+++ Extracted records +++
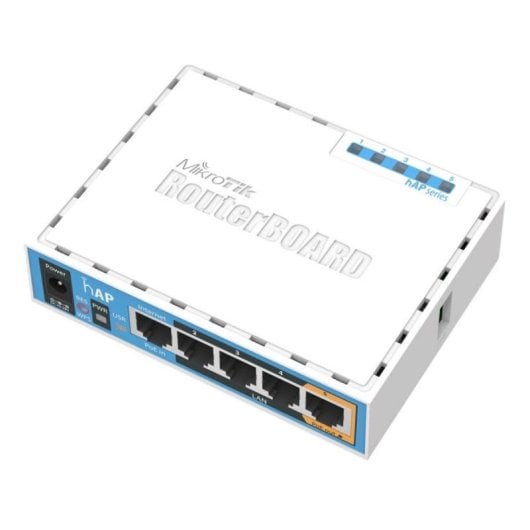 Cloud Router Switch MikroTik hAP 2.4GHz PoE Blanc RB951Ui-2nD - Accès Wi-Fi et PoE intégré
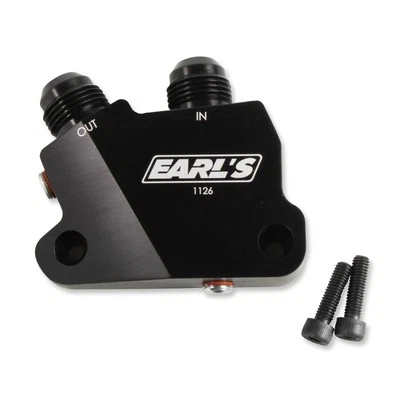 Adaptador de enfriador de aceite de montaje lateral Earls 1126ERL LT Foto 1 de 4
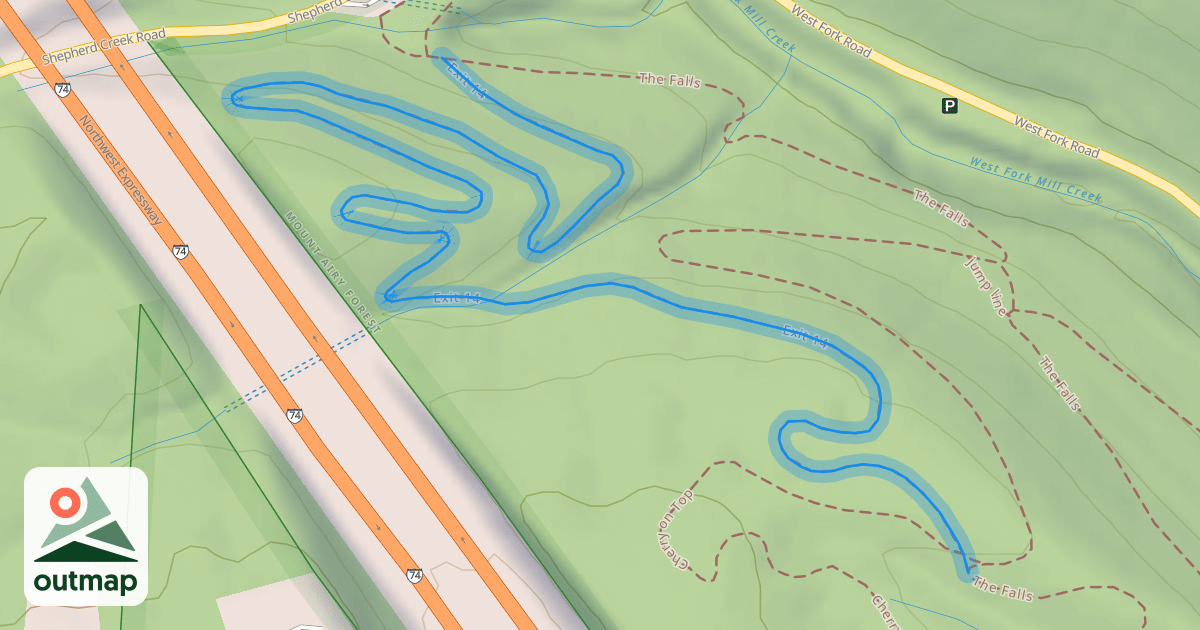 Map of Exit 14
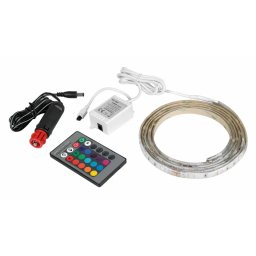 Banda LED RGB cu telecomanda, 200 cm, 12/24V, impermeabila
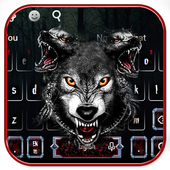 Scary Wolf Keyboard Theme icon
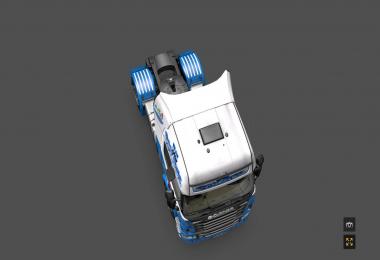 Smurfs skin for Scania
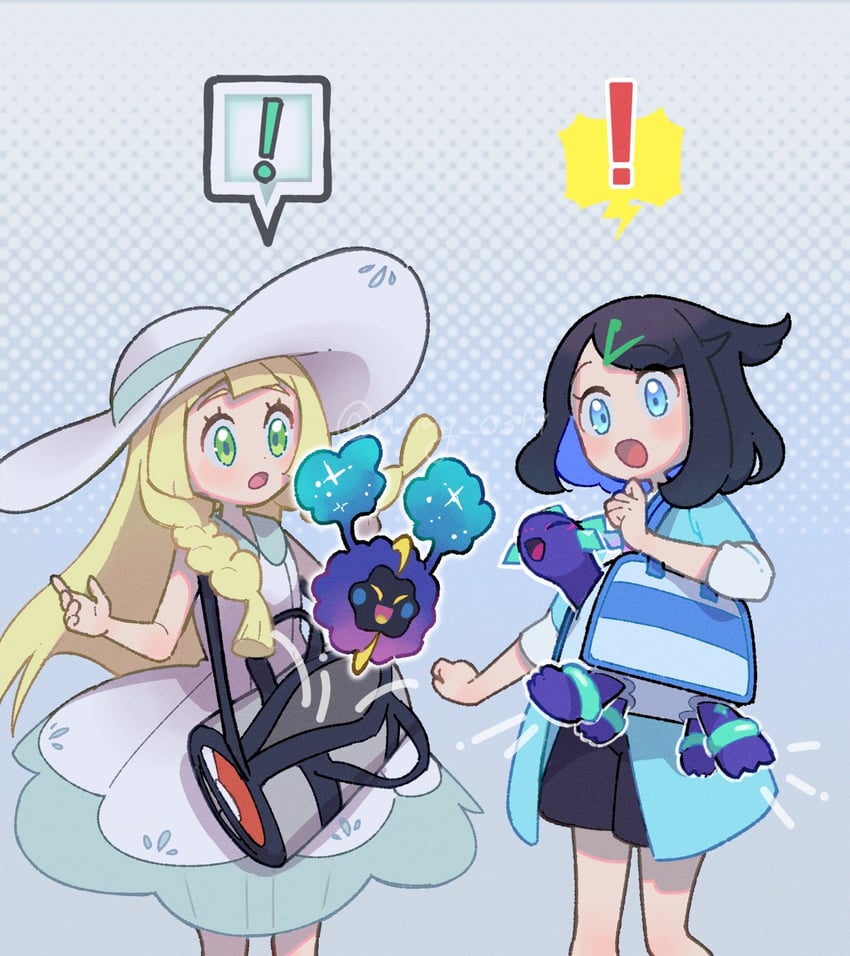 lillie, liko, cosmog, and terapagos (pokemon and 2 more) drawn by wing_(wing_0319)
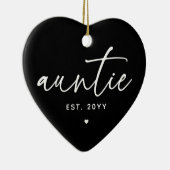 tante Vast Elegant Typografie New tante Keramisch Ornament (Rechts)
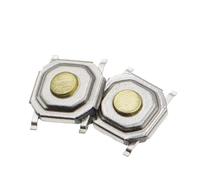 100PCS 4X4X1.5MM SMD Tactile Tact Push Button Micro Switch 4 * 4 * 1.5mm Push Button Copper Head Keys Button 4Pin(Bulk)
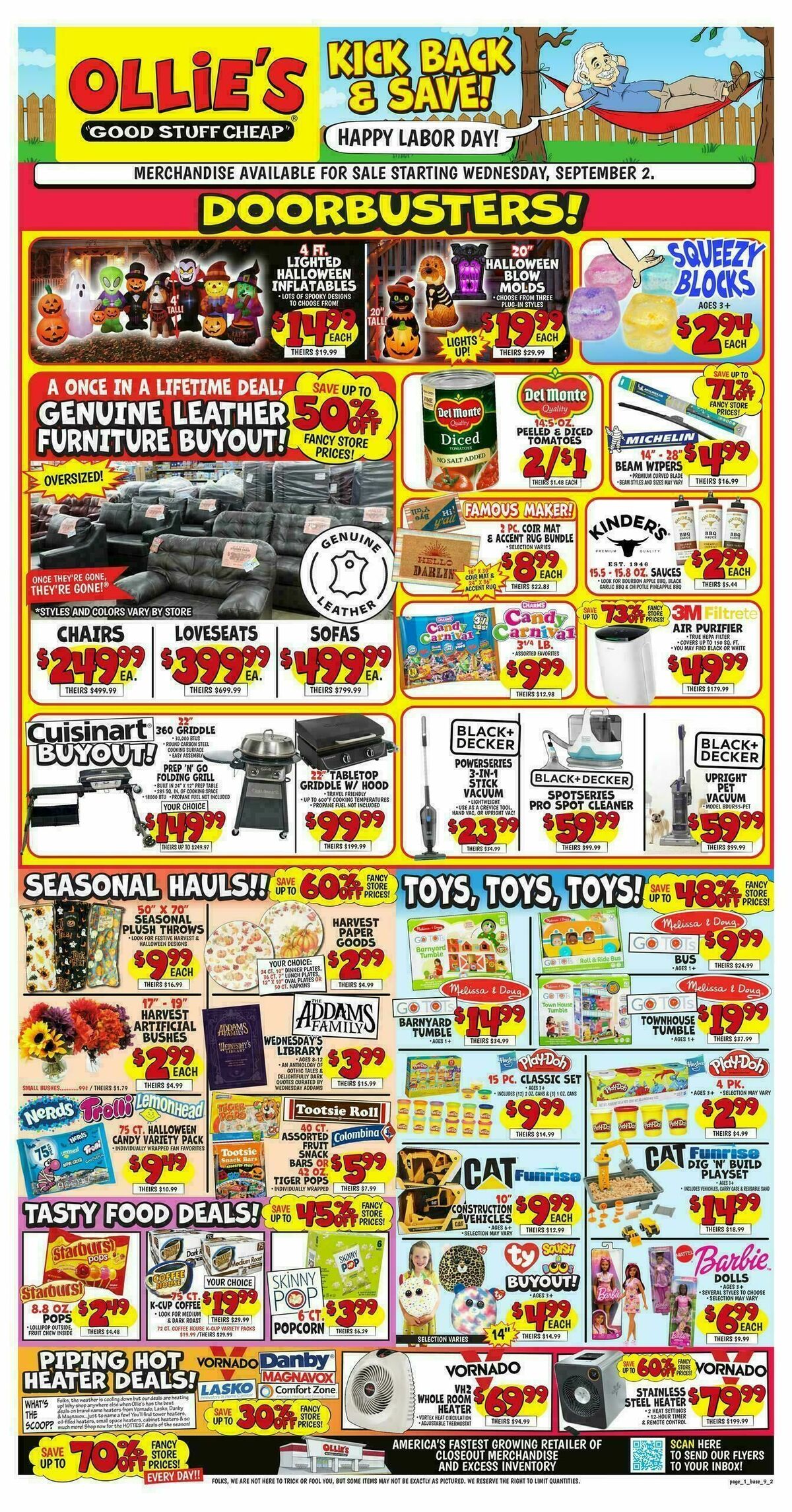 Ollie's Bargain Outlet Weekly Ad from September 2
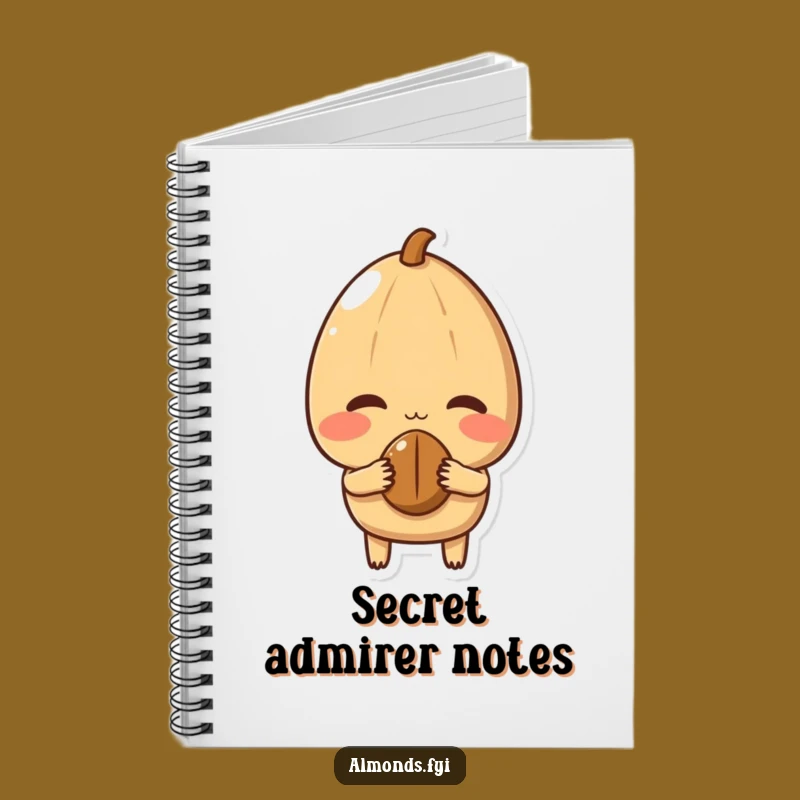Funny Shy Almond Notebook: Jot Down Thoughts with Bashful Grace!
+++
→ **Task details**: Only an exact copy belongs in the answer: the lines from the one containing "Banda LED RGB" through the end of the records, both ends included, minus the pictures.

→ **Response to this task**:
 Banda LED RGB cu telecomanda, 200 cm, 12/24V, impermeabila
 Scary Wolf Keyboard Theme icon
 Smurfs skin for Scania
 lillie, liko, cosmog, and terapagos (pokemon and 2 more) drawn by wing_(wing_0319)
 tante Vast Elegant Typografie New tante Keramisch Ornament (Rechts)
 100PCS 4X4X1.5MM SMD Tactile Tact Push Button Micro Switch 4 * 4 * 1.5mm Push Button Copper Head Keys Button 4Pin(Bulk)
 Ollie's Bargain Outlet Weekly Ad from September 2
Funny Shy Almond Notebook: Jot Down Thoughts with Bashful Grace!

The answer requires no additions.